If you use this dataset please cite:

Luis Marujo, Wang Ling, Isabel Trancoso, Chris Dyer, Alan W Black, Anatole Gershman, David Martins de Matos, João Neto and Jaime Carbonell. 2015. Automatic Keyword Extraction on Twitter. In
Proceedings of the 53th Annual Meeting of the Association
for Computational Linguistics and the 7th International Joint Conference on Natural Language Processing of the Asian Federation of Natural Language Processing: short papers. Beijing, China. Association for Computational Linguistics
 

The original dataset without keyword annotations was obtained from:

Kevin Gimpel, Nathan Schneider, Brendan O’Connor,
Dipanjan Das, Daniel Mills, Jacob Eisenstein,
Michael Heilman, Dani Yogatama, Jeffrey Flanigan,
and Noah A. Smith. 2011. Part-of-speech tagging
for twitter: annotation, features, and experiments. In
Proceedings of the 49th Annual Meeting of the Association
for Computational Linguistics: Human Language
Technologies: short papers - Volume 2, HLT-11. Portland, Oregon, USA. 
Association for Computational Linguistics 


We kept their train, dev, and test splits.
This corresponds to the folders train, dev, and test.
Each folder contains 3 files for each tweet in the following format:
tweet.<set>.tok.en-<id>.txt - the original tweet
tweet.<set>.tok.en-<id>-CrowdCountskey - the ranked list of keywords annotated by the turkers with respective number of votes.

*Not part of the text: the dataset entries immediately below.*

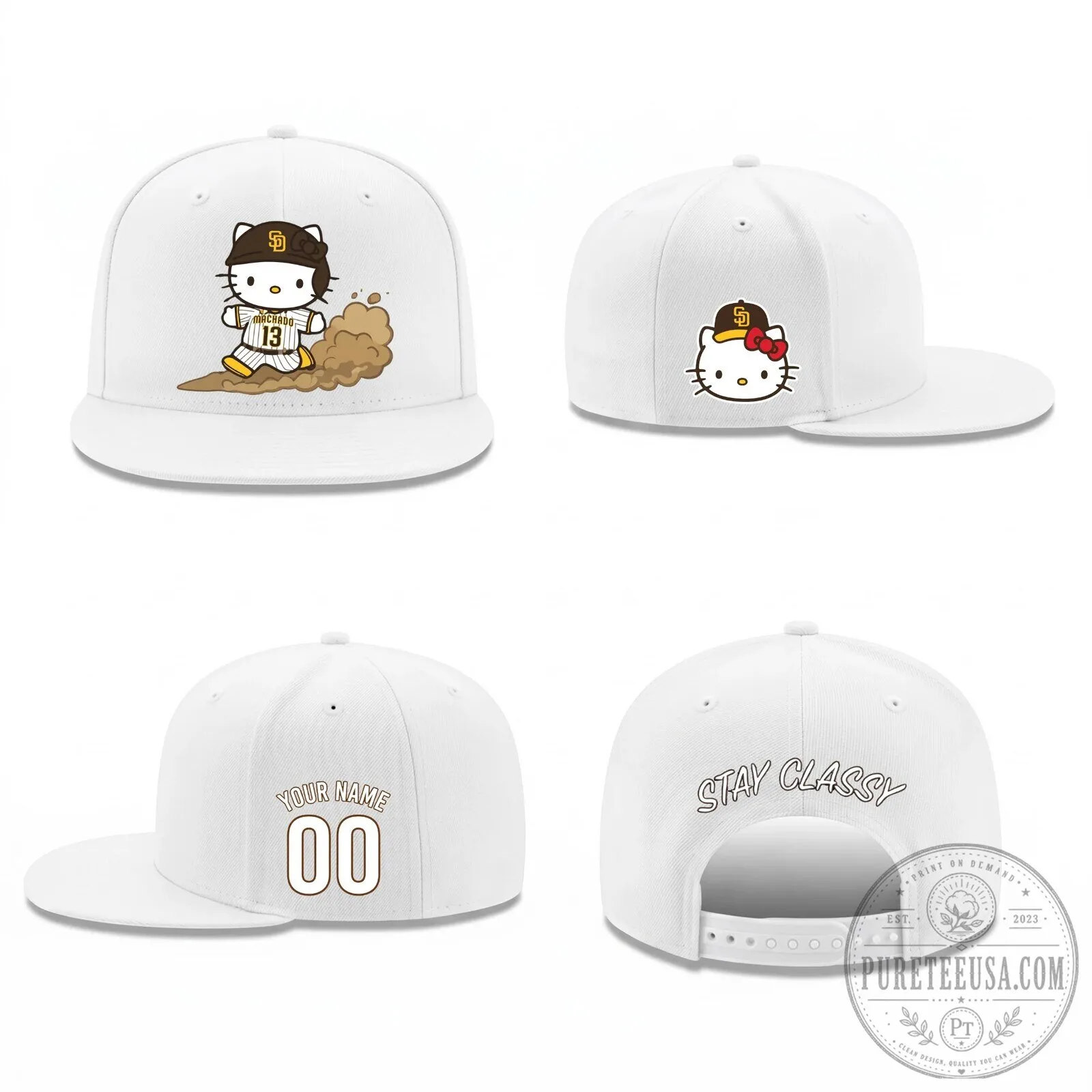 San Diego Padres Hello Kitty Baseball Personalized Snapback Cap Hat 15 San Diego Padres Hello Kitty Baseball Personalized Snapback Cap Hat
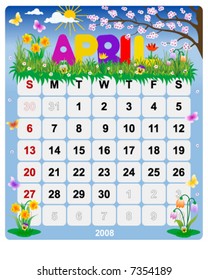 Monthly calendar April - Vector file contains separate layers: US Style, start on Sunday + Europe Style, start in Monday.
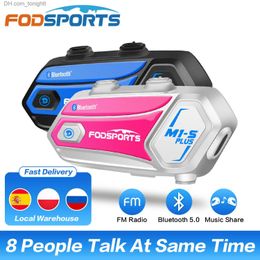 Fodsports 2 piezas M1-S Plus Casco Intercomunicador Motocicleta Bluetooth Auricular Intercomunicador inalámbrico BT5.0 Interfono FM Radio compartir música Q230830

Each line has a keyword,
followed by a tab (\t) and the number of votes.
tweet.<set>.tok.en-<id>.key - has keywords in the tweet-id.CrowdCounts file, without the number of votes.

where <set> is either train, dev and test, and <id> is the unique identifier of the tweet starting from 1. 
This corresponds to the ordering of tweets in the original dataset.